TASK BRIEF:
Collect all lines containing the word "Apartamento" from the data.

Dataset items
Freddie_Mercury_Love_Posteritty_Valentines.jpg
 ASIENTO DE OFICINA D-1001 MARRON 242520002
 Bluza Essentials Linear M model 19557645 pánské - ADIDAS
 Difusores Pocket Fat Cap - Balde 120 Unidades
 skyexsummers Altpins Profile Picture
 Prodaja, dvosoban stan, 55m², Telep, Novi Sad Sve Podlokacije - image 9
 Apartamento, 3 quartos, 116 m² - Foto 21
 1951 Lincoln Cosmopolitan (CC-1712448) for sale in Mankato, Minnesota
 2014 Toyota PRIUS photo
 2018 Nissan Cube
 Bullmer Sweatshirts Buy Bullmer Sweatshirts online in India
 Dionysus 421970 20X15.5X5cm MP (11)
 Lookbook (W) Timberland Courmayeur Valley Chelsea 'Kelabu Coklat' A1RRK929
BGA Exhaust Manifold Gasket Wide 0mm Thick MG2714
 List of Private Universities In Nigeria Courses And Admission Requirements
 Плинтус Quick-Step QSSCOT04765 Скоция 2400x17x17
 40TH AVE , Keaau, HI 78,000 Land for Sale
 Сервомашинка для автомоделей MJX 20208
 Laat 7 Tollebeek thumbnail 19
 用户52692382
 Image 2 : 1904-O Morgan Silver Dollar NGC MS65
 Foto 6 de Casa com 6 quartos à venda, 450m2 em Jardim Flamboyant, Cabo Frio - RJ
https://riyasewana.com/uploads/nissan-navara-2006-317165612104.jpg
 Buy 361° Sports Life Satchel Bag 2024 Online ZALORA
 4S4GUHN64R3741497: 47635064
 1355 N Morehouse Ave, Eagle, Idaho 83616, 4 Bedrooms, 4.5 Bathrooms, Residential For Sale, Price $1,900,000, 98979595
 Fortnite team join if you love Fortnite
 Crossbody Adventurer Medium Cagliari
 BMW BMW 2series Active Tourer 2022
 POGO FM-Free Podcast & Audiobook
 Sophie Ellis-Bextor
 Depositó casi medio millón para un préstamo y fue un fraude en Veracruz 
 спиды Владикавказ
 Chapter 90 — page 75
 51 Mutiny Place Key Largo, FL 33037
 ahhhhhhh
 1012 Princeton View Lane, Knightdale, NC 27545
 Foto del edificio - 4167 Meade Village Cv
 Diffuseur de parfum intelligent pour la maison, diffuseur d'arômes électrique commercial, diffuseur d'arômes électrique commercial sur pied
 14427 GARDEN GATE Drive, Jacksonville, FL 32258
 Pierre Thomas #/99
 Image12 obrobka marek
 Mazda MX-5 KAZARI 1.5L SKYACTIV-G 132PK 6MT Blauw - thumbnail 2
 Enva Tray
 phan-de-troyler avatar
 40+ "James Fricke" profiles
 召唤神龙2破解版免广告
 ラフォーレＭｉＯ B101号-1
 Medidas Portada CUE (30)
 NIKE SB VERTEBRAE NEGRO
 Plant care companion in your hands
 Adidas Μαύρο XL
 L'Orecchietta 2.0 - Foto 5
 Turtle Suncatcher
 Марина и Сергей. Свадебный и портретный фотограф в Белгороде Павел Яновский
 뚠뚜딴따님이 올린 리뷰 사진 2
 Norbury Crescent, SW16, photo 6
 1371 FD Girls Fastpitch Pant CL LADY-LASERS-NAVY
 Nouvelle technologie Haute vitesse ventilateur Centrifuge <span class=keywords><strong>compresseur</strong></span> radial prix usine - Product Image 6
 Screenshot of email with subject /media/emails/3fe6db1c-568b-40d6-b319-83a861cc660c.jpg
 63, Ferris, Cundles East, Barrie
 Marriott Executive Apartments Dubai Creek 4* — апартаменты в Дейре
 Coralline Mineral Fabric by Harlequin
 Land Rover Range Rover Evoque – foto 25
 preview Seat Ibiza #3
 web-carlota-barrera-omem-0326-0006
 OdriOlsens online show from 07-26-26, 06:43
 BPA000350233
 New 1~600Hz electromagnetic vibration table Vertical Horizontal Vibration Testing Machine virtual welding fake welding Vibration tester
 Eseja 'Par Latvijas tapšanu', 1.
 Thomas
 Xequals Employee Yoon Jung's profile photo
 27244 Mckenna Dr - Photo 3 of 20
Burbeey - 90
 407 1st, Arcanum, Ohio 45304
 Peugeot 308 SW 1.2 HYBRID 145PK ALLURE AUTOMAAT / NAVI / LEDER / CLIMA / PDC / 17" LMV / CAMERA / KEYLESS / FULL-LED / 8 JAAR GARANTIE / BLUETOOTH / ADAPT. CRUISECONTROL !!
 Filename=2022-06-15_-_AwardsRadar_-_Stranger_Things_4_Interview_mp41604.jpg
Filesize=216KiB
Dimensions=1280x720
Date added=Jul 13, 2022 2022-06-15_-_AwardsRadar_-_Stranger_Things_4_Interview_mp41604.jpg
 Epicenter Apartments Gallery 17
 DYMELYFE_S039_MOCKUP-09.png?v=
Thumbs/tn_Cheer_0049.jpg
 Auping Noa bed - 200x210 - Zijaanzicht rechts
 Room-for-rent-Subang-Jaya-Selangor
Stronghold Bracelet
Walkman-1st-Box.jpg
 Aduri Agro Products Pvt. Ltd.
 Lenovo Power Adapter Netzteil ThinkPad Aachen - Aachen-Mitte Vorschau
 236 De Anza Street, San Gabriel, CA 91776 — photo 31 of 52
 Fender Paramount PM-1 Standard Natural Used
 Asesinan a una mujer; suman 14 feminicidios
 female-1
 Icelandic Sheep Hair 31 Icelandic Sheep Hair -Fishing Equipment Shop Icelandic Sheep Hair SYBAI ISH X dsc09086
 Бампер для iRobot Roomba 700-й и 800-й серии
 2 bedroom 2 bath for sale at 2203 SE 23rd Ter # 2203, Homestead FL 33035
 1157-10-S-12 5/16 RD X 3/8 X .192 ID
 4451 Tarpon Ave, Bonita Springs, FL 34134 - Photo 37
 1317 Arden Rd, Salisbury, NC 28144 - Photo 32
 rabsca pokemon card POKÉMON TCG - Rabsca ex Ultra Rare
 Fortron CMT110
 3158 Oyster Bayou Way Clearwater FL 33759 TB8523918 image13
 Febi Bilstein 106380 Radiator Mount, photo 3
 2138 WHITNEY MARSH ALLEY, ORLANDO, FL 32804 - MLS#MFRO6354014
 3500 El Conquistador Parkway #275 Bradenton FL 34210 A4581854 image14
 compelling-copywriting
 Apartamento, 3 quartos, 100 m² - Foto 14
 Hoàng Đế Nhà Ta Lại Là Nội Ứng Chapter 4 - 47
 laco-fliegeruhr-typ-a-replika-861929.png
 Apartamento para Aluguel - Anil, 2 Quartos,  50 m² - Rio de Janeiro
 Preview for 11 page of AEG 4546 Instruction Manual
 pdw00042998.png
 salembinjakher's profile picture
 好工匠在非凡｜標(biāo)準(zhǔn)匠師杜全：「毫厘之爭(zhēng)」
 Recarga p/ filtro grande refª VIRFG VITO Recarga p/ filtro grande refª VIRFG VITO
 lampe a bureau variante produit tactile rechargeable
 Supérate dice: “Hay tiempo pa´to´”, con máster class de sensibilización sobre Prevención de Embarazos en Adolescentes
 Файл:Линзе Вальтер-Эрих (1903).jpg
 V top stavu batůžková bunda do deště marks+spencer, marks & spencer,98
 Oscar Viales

RESPONSE TO THE TASK:
 Apartamento, 3 quartos, 116 m² - Foto 21
 Apartamento, 3 quartos, 100 m² - Foto 14
 Apartamento para Aluguel - Anil, 2 Quartos,  50 m² - Rio de Janeiro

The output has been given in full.